On 4 March 2015, the Social Policy Research Centre (SPRC) at Middlesex University turns 25. Since it was founded in 1990, the SPRC has conducted groundbreaking research on topics such as drugs and migration for the benefit of vulnerable communities in the UK and abroad. In this three-part series, we meet the Middlesex University alumni who have not only been inspired throughout their careers by the work of the SPRC but have themselves played a key role in the Centre's journey.
Dr Xia Lin
In the first feature in this series we look at Dr Xia Lin, learn about her work at Toynbee Hall and hear about how her time with the SPRC has shaped her career.

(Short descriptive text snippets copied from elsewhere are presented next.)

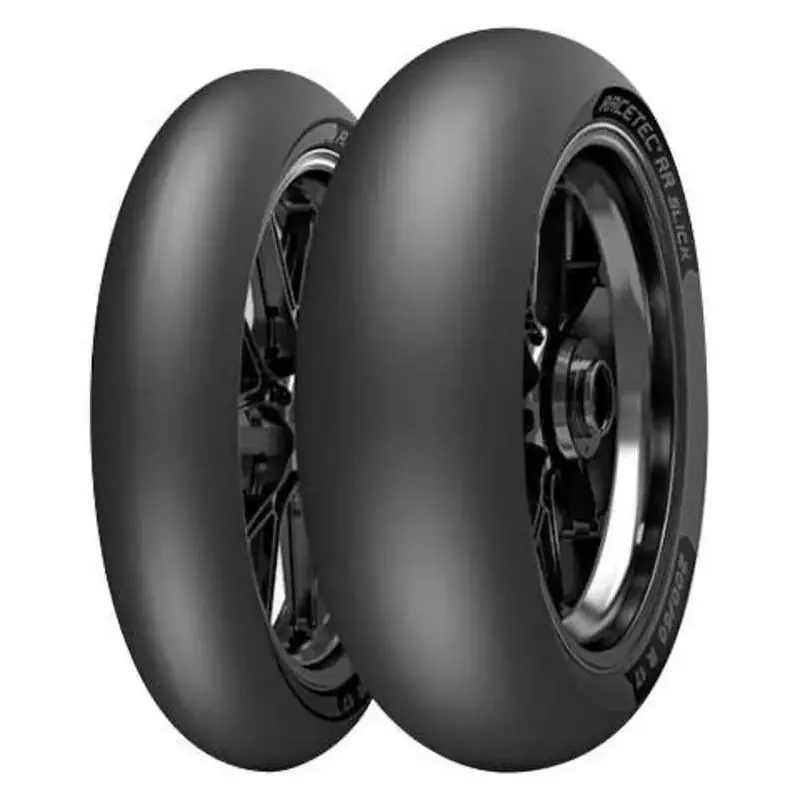 Pneu METZELER Racetec RR Slick (F) K2 120/70 R 17 M/C NHS TL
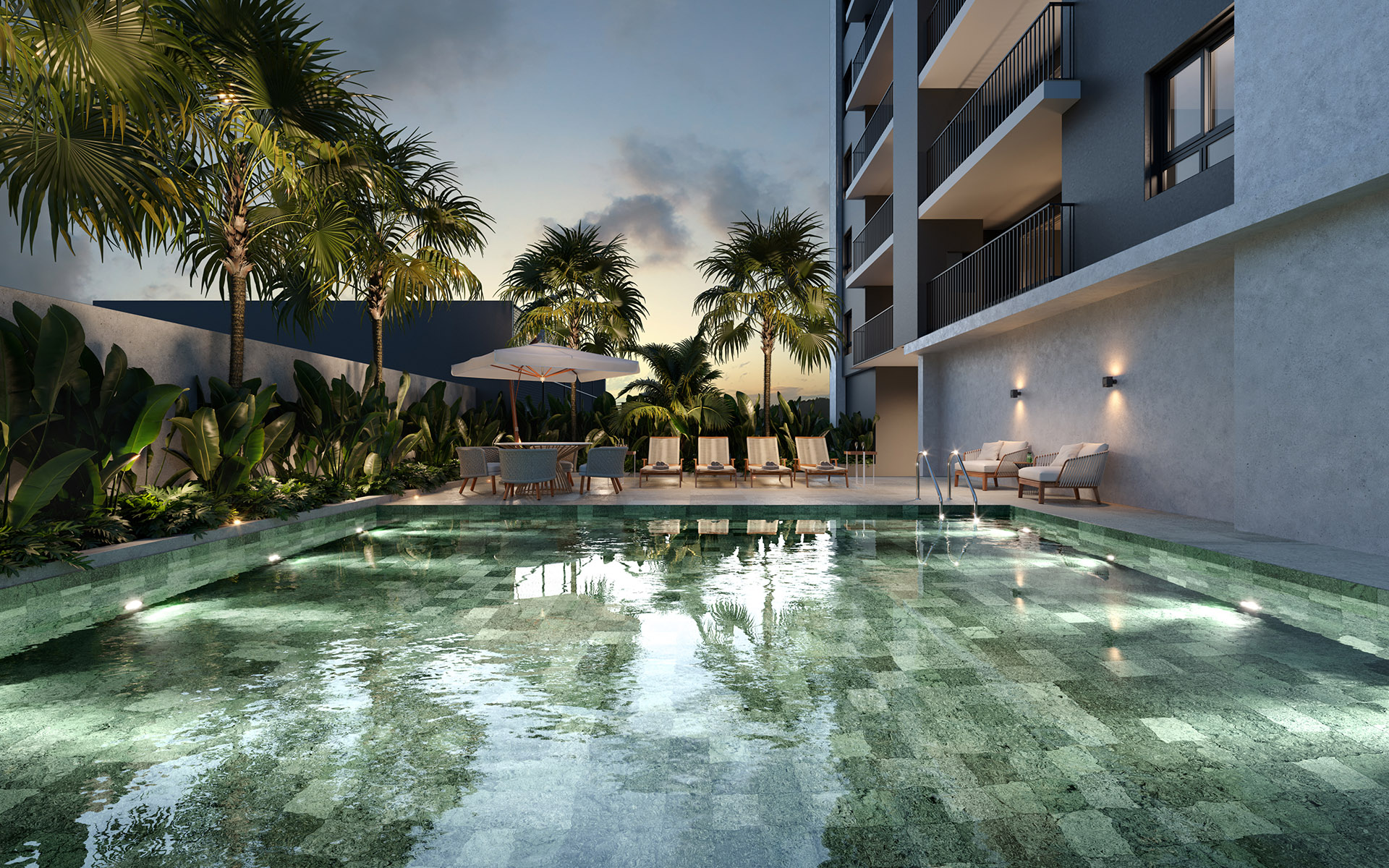 Imagem 2 do empreendimento Travéza Residence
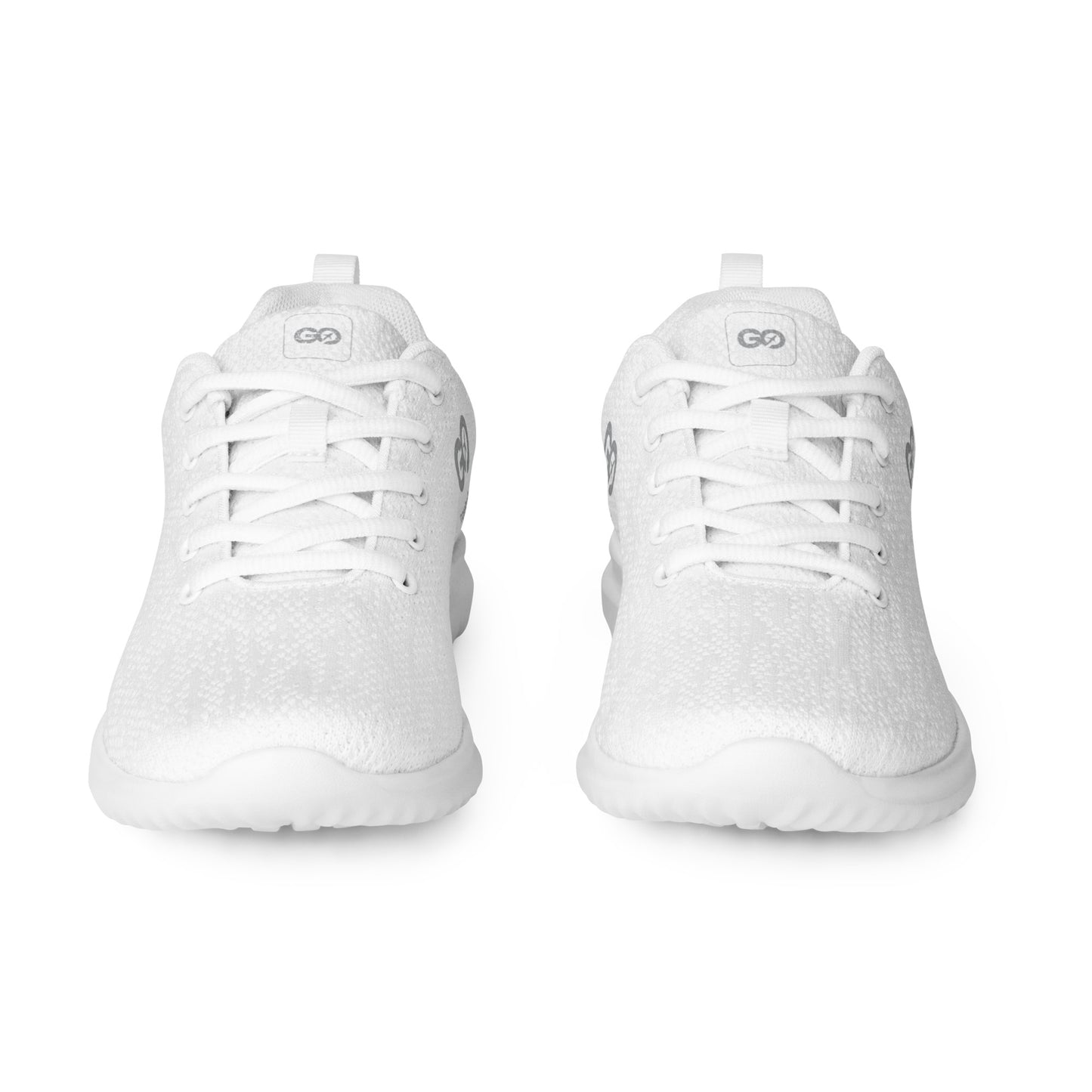 Men’s White Athletic Shoes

Toynbee Hall is a community organisation that has pioneered ways to tackle poverty and disadvantage for 130 years.
Having recently reinstated a strategy to develop social policy research Toynbee Hall brought Dr Xia Lin on board to develop this strategy.
"I can say I am a product of the SPRC. The SPRC made me a researcher and has given me my career" - Dr Xia Lin
As Data Evaluation and Research Coordinator, Xia's job involves evaluating all projects across the charity, including various advice services and support services for older people, young people and ethnic minorities.
Xia also manages research at Toynbee Hall. Her recent projects have included addressing the impact of legal aid funding cuts on people's access to justice and a study on people's use of credit products.
Toynbee Hall are also working in partnership with the SPRC running an internship programme, and the partnership are currently planning a research project to investigate the changing socio-economic conditions of East London.
"I am inspired by the privileged social policy work that Toynbee Hall have carried out since William Beveridge and Charles James Booth in the 19th century." Xia told Middlesex, "I enjoy doing research there which gives a voice to socially disadvantaged people."
Research with the SPRC
After completing her Masters in Social Policy and Social Research at Middlesex, Xia went to work with the SPRC where she worked on funded research projects and did her PhD in Chinese identification.
Her PhD highlights the hybrid and fluid nature of Chinese identification, or the 'dance' of Chineseness as Xia defines in her study. It also explores the idea of home for the Chinese, including first and second generations as well as new migrants.
With funding from the AHRC and the Big Lottery, Xia also worked on other research projects at the SPRC, exploring issues including diaspora, identity and belonging in relation to London's Chinatown and Chinese migration.
"What I found most inspiring about working and studying at the SPRC was the staff's trust and belief in people. As someone who came to the UK as a new migrant, I was welcomed and supported by my teachers and colleagues, who appreciate diversity not just academically but also personally.
Without Professor Sales's belief in me, I would never have been be able to start my PhD. Professor Kofman continuously inspired me to explore issues on Chinese migration. The trust and belief I felt there encouraged me to remain and develop my relations with the Centre, and to work with Professor Ryan and Dr D'Angelo, even after I left the SPRC."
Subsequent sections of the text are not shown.